Schlesinger’s discussion of RRW is just silly, but then most such discussion verge on the absurd. I doubt very much that the Russians are actually modernizing their warhead stockpile at any reasonable speed, and in any case nuclear weapons don’t fight one another. Assuming any reasonably sized nuclear force, concerns about the reliability of US warheads (which are in any case overblown) disappear in a cloud of atomic dust. It’s revealing that the “reliability” advocates never really bother to construct any hypotheticals about why warhead reliability might matter; they would all sound something like this. Maintaining some research-oriented capability to build new nuclear warheads is probably necessary if you don’t envision complete nuclear abolition, but I suspect that the core capability can be kept at a pretty low level, far below what’s envisioned by most RRW advocates. That said, I would certainly trade RRW for a dramatically reduced nuclear stockpile, and a guarantee that warhead design would concentrate on long term reliability, rather than on operational and tactical versatility.

I should say that I’m broadly sympathetic with Schlesinger’s suggestion that we will never be rid of nuclear weapons. I can’t get past the problem of verification; any scheme to reduce the number of nuclear weapons to zero runs up against major incentives to deceive and defect. Were I Russia or China, I would never trust the United States to eliminate all of its nuclear weapons, and given US conventional superiority, Russia and China have even more incentive to deceive than we. I don’t see a way around this; while we have monitoring institutions that can fix the number of nuclear warheads within a particular range, I don’t see how any set of inspections could be intrusive enough to assure complete security. And while I would concede that the threat of retaliation isn’t the only, or even the most important, reason that nations have refrained from using nuclear weapons since 1945, I’m convinced that it’s part of the explanation. The best I could hope for in terms of a nuclear future is for the major powers to adopt a standard of minimal safe deterrence (the details of which can vary), and substantially reduce their nuclear stockpiles. I also think that there’s an outside possibility that the United Kingdom may give up its nuclear weapons in our lifetime, but that depends on the particular international position of the UK and on its relationship to France and the United States.
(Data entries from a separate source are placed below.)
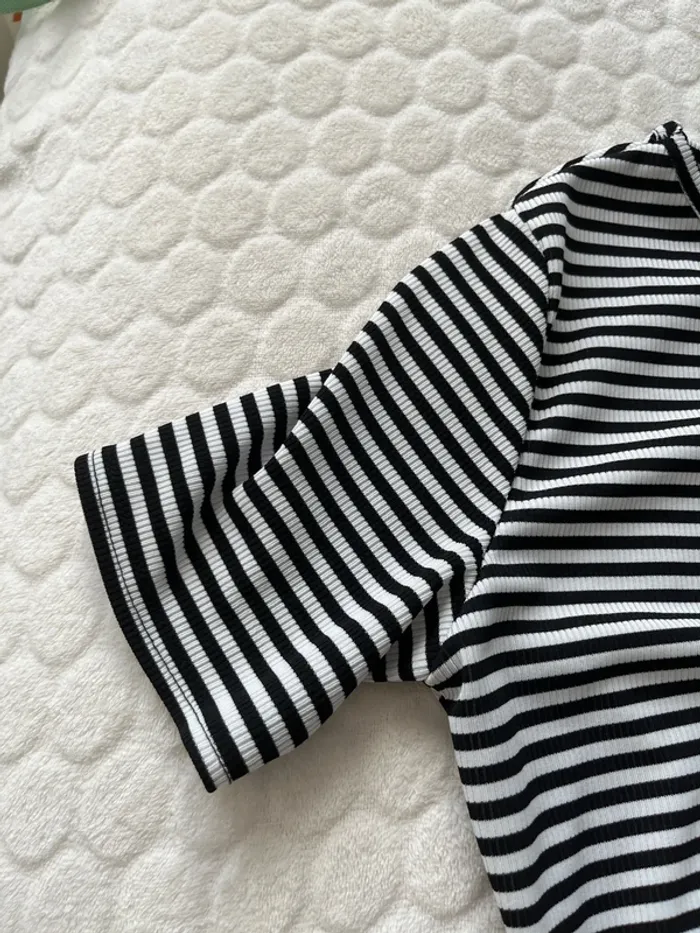Robe de grossesse rayée - photo numéro 3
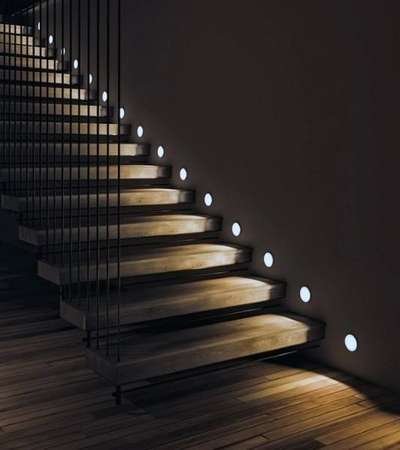 Staircase, Lighting Designs by Electric Works Viswash Malik, Delhi | Kolo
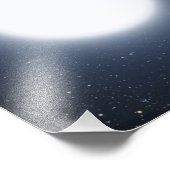 Het concept dat van de kunstenaar het binaire ster foto afdruk (Hoek)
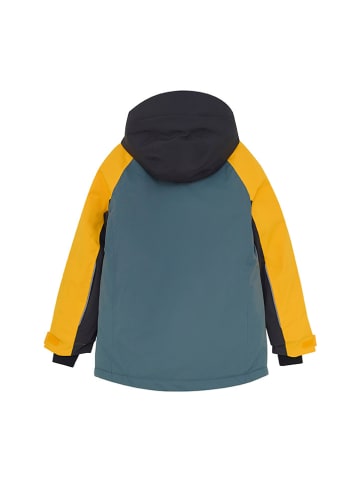 Color Kids Ski-/ Snowboardjacke in Blau/ Gelb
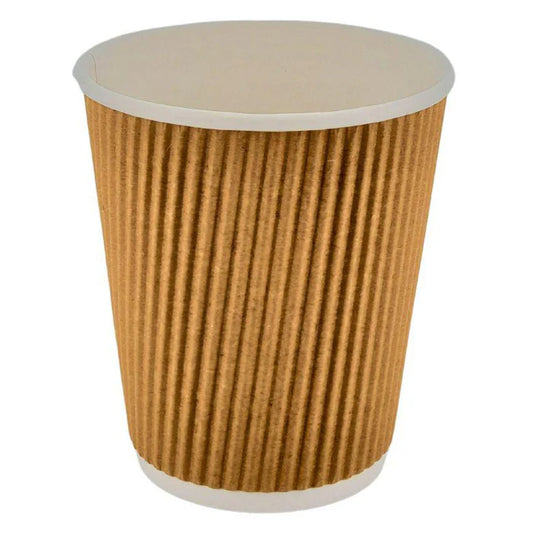 Kraft Ripple Paper Cups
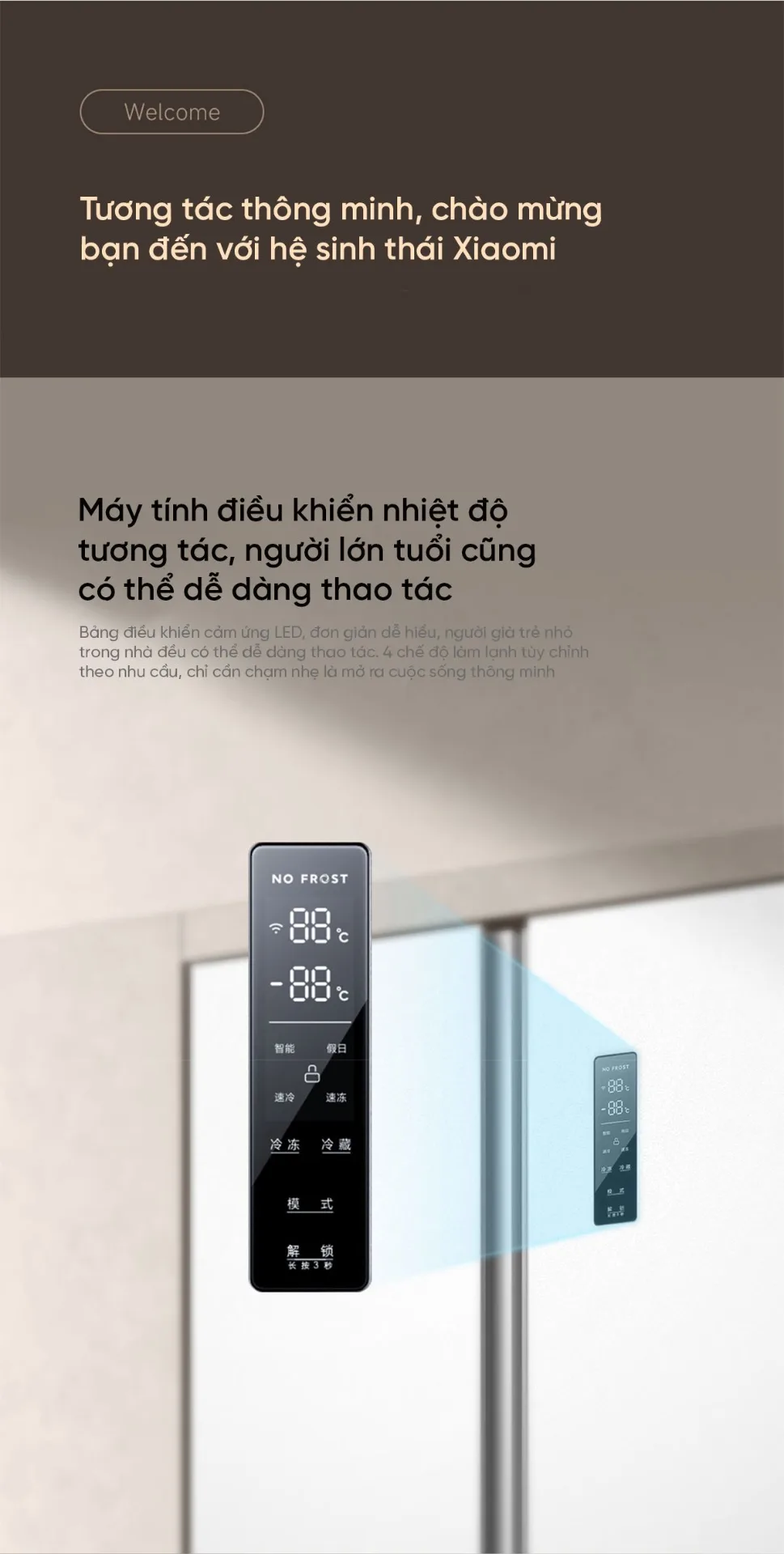 Tủ lạnh Xiaomi Mijia 616L Side by Side ion khử khuẩn cấp đông nhanh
That said, there’s certainly a huge distance between a minimal safe deterrent posture and where we are now. Moreover, there’s probably some value to nuclear abolition as rhetorical aspiration; the Chinese have been calling for abolition for a long time, even as they pursue moderate increases in their own nuclear arsenal. Most importantly, the Non-Proliferation Treaty (which holds nuclear abolition as an aspiration) has been remarkably successful; it has provided the means through which nuclear proliferation can be monitored, and has at least contributed to the decision of most nuclear capable countries not to go through with weapon development.